When the disciples come to Jesus and ask him to teach them what to pray they’re having a very similar experience, asking much the same question.  By this point Jesus has already given them a catalogue worth of teachings and they have witnessed him on many occasions restoring the sick, debating with religious leaders, sharing meals with people of all levels of society, even begin to speak of his own death.  They’ve been following him around, sometimes observing from the sidelines, sometimes involved, rarely clued into the moment and, it seems, barely able to take in the full measure of what they’re witnessing.  In short, they’re disciples, Jesus is the master, and they’re on a steep learning curve.  Like other master/disciple relationships of the time, these disciples would have expected Jesus to give them a condensed summary of all his teaching.  It was common for rabbis and teachers of the time to give their followers this summary in the form of a prayer.  The prayer would contain all of the major elements that the master emphasized in their teaching and would have been a kind of Cliff Notes version of what that teacher stood for.  So when these disciples ask Jesus what they should pray, it’s as if they’re saying, “Hey Jesus, what’s your prayer?”  How would you boil all this down for us?  Of all these words and images and teachings that you’ve been giving us, what are the essentials?  If we had one suitcase, and could only pack just what we need for this journey ahead, not too much and not too little, what would it be?  To this, Jesus responds by teaching them the prayer that we’ve come to call The Lord’s Prayer.   

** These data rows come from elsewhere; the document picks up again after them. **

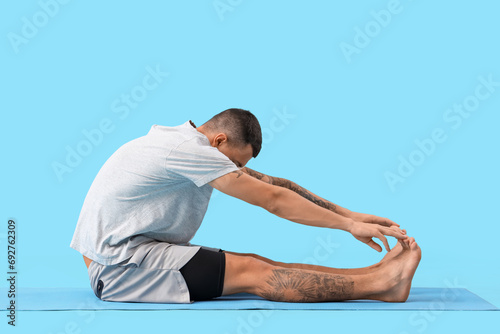 Young man doing yoga on mat...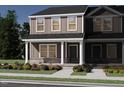 Exterior elevation of a two-story new construction home with neutral colors and a covered front porch and green landscaped yard at 3711 Rosebush Dr, Zebulon, NC 27597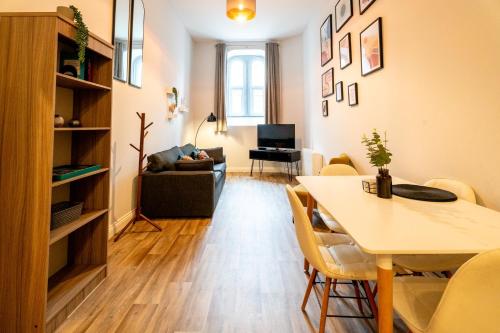 a living room with a table and a dining room at Chapel Retreat | King Bed | Central Swansea in Swansea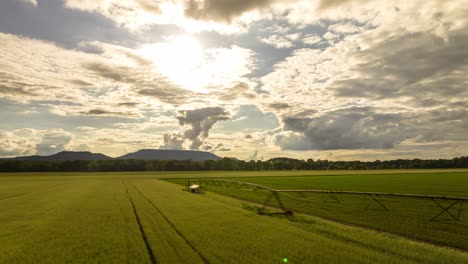 Sunset-over-agricultural-fields-along-commercial-crop-sprinkler,-Dardanelle,-Arkansas,-USA---Hyperlapse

What Jesus actually said when he taught them this prayer is lost to us.  He would have spoken in Aramaic and given them this prayer in the Aramaic language.  What we have are Greek translations of that prayer that would have been used by the Greek speaking early church and recorded in the gospels of Matthew and Luke.  Luke provides a more abbreviated version of the prayer and Matthew includes the whole prayer that we know and is most familiar to us.  Matthew’s version is strategically placed in the center of the Sermon on the Mount, another signal that this summarizes Jesus’ mission, teachings, and relationship with God.

As a way of experiencing this prayer, what I’d like to do is something like taking these words out of their stuffed suitcase, giving each of them some space of their own, letting them be separated and unrolled and unfolded so we can give them room and take a look at them.  When one packs something in tight one can tend to treat the whole package as one big dense lump and miss all the variety and textures and of the unique items inside.  So we’ll take some of these articles out, hold them up, turn them around, and let them breathe some on their own.     

We’ll be following through the prayer as we have it in Matthew’s gospel, so you’re welcome to turn your Bibles to Matthew chapter 6:9-13.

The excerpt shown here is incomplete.